# Indiana Jones 5: Harrison Ford will Fans nicht das geben, was sie wollen



## Darkmoon76 (25. Februar 2020)

Jetzt ist Deine Meinung zu *Indiana Jones 5: Harrison Ford will Fans nicht das geben, was sie wollen* gefragt.


						Bitte beachtet: Der Kommentarbereich wird gemäß der Forenregeln moderiert.

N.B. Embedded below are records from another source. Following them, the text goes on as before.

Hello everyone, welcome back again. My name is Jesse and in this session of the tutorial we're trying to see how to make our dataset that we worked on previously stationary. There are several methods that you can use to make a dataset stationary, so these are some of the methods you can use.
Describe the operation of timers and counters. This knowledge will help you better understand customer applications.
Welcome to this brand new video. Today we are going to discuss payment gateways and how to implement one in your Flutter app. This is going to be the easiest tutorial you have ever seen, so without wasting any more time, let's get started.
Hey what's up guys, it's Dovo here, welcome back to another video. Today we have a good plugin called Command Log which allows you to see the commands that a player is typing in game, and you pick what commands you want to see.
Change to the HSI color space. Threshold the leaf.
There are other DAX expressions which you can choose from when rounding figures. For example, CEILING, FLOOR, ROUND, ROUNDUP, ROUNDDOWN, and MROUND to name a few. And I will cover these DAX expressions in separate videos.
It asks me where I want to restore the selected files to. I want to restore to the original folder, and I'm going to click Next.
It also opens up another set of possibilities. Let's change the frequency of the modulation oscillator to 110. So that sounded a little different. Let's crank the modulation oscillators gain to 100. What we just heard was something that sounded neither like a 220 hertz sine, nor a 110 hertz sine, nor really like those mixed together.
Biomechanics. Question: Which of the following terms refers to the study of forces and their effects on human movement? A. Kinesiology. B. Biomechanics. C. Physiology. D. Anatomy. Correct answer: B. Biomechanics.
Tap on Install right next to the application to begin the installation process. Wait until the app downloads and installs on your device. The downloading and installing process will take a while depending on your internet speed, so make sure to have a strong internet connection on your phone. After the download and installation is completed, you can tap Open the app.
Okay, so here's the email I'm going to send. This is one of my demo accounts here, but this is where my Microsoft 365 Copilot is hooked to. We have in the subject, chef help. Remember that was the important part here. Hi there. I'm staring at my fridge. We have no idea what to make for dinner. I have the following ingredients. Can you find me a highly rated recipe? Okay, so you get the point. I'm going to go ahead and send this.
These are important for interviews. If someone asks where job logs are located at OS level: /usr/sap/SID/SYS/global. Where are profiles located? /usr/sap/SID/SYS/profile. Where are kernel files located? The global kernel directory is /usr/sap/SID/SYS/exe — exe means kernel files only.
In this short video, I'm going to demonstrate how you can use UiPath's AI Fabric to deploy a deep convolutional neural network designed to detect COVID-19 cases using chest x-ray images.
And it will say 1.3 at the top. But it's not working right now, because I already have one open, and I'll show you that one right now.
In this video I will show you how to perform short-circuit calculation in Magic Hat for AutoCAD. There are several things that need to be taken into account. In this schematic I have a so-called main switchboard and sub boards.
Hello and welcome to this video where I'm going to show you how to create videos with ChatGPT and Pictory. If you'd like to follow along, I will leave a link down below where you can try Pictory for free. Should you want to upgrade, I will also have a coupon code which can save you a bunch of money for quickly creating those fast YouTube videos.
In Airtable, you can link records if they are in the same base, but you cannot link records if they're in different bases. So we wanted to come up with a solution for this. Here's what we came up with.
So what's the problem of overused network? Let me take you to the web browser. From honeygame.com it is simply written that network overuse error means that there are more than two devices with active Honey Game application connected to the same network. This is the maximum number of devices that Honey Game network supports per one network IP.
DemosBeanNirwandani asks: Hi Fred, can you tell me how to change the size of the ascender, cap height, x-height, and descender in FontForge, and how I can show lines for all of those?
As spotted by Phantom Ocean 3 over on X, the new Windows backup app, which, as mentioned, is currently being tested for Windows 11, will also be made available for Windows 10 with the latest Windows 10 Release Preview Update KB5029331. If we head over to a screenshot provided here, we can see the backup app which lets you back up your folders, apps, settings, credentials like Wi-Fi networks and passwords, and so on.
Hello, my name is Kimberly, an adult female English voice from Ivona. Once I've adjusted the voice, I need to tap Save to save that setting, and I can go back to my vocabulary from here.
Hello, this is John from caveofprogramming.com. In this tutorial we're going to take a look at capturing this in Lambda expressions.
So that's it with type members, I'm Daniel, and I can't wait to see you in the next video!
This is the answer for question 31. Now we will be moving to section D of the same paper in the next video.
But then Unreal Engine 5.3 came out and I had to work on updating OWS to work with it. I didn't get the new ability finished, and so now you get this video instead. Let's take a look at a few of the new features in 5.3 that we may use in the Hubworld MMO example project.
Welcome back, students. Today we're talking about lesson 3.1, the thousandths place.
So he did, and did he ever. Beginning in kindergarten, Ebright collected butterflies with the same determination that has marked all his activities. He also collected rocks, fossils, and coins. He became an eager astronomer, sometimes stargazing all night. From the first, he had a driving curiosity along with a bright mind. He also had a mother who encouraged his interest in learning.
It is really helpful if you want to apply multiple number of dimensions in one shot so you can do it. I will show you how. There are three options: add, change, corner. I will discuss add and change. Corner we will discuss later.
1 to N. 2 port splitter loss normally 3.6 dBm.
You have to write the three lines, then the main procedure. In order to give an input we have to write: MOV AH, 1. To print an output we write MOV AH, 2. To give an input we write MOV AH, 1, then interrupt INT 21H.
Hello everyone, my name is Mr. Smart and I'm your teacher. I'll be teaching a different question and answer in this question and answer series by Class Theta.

			Dieser Inhalt steht nur eingeloggten Mitgliedern zur Verfügung.
        

 Zum Artikel: *Indiana Jones 5: Harrison Ford will Fans nicht das geben, was sie wollen*


----------



## Tek1978 (25. Februar 2020)

Rollator Jones, wenn das so weiter geht.

Ich mag Indiana Jones, aber naja man hätte aufhören sollen.


----------



## z13l5ch31b3 (26. Februar 2020)

IN-DI *clap-clap-clap* ...IN-DI ..


----------



## Baerschke (26. Februar 2020)

Indiana Jones trifft auf S.H.I.E.L.D. und wird Teil des MCU oder warum sonst der Marvel-Bezug? Nach den Kristallschädeln die konsequente Fortführung des Weges.


----------



## Cobar (26. Februar 2020)

Er will uns nicht geben, was wir erwarten?
Kommt er dann etwa doch nicht mit dem Rollator an und der Film könnte entgegen aller Erwartungen gut werden?
Ich mag die Figur Indiana Jones sehr und bin auch ein Fan von Harrison Ford, aber beides zusammen wird nicht mehr wirklich passen.
Mr. Ford wird allmählich einfach zu alt, wenn man X Jahre wartet, bis man da mal die Reihe fortsetzen will.


----------



## sauerlandboy79 (26. Februar 2020)

Na gut, das hat er schon mit Teil 4 nicht getan. Daher rechnen wir ohnehin nur mit dem Schlimmsten. 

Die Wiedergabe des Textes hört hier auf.